Start of The records

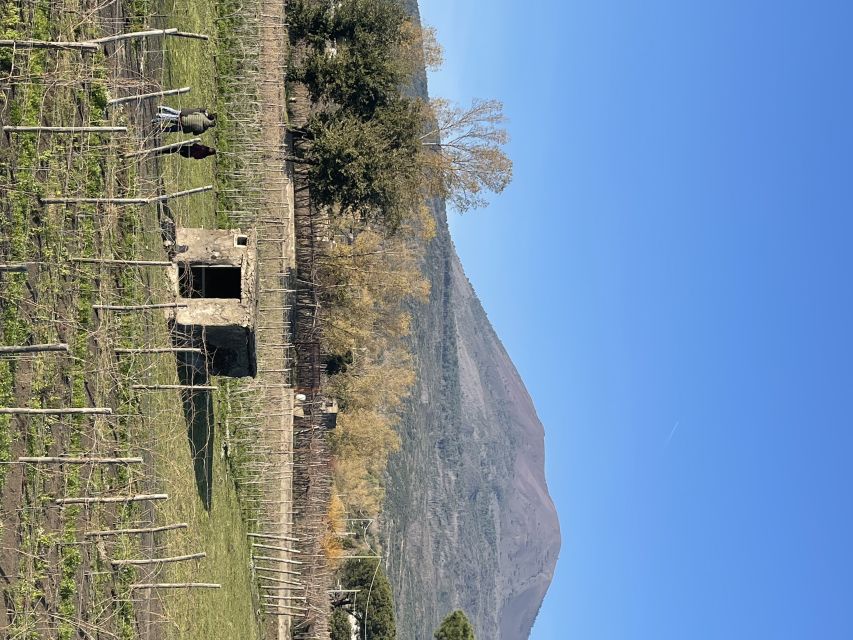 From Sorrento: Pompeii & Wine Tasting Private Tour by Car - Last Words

End of The records
Start of The records

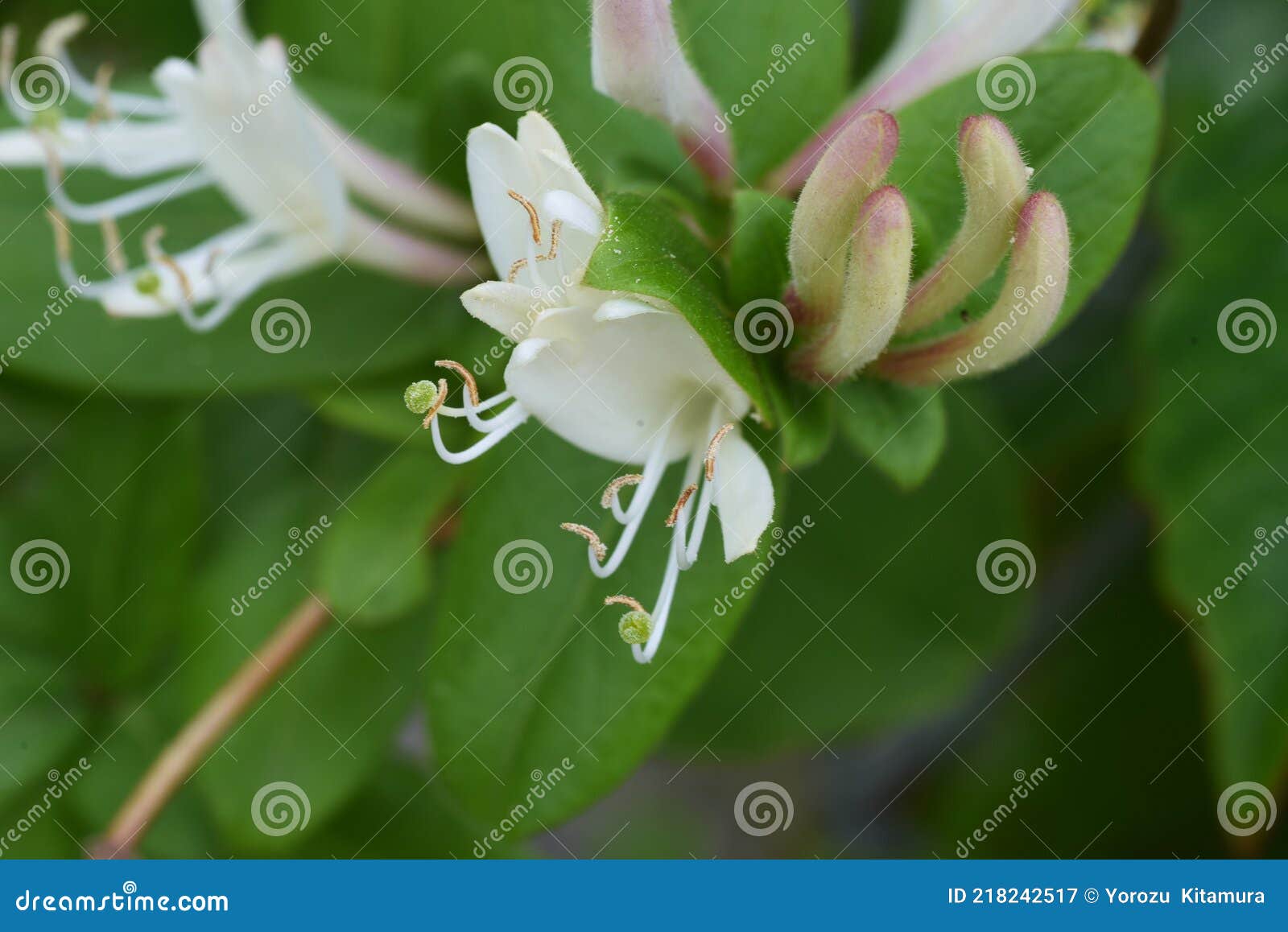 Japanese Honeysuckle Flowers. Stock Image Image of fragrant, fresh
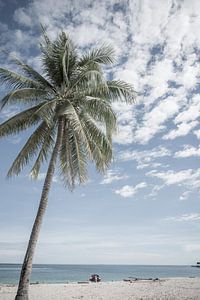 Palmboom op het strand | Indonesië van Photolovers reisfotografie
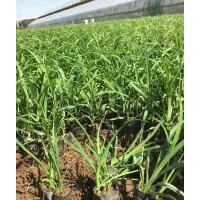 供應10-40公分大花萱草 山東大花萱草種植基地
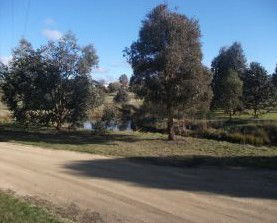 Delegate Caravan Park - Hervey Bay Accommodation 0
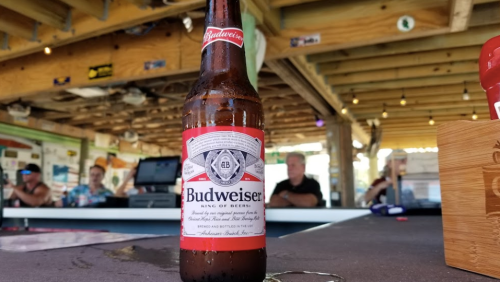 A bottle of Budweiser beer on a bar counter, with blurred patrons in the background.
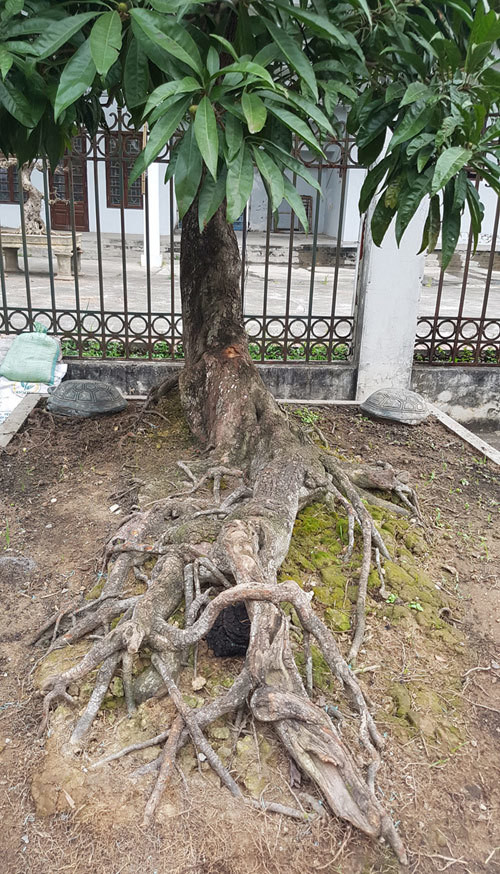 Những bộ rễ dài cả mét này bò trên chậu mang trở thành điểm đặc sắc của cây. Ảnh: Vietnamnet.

End of The records

-- What is needed --
Transcribe, word for word, the lines of the listing above from the one that contains "Japanese Honeysuckle Flowers." through the one that contains "A bottle of", keeping both ends and dropping the pictures.

-- Reply to the task --
 Japanese Honeysuckle Flowers. Stock Image Image of fragrant, fresh
 Palmboom op het strand | Indonesië van Photolovers reisfotografie
 供應10-40公分大花萱草 山東大花萱草種植基地
 Delegate Caravan Park - Hervey Bay Accommodation 0
 A bottle of Budweiser beer on a bar counter, with blurred patrons in the background.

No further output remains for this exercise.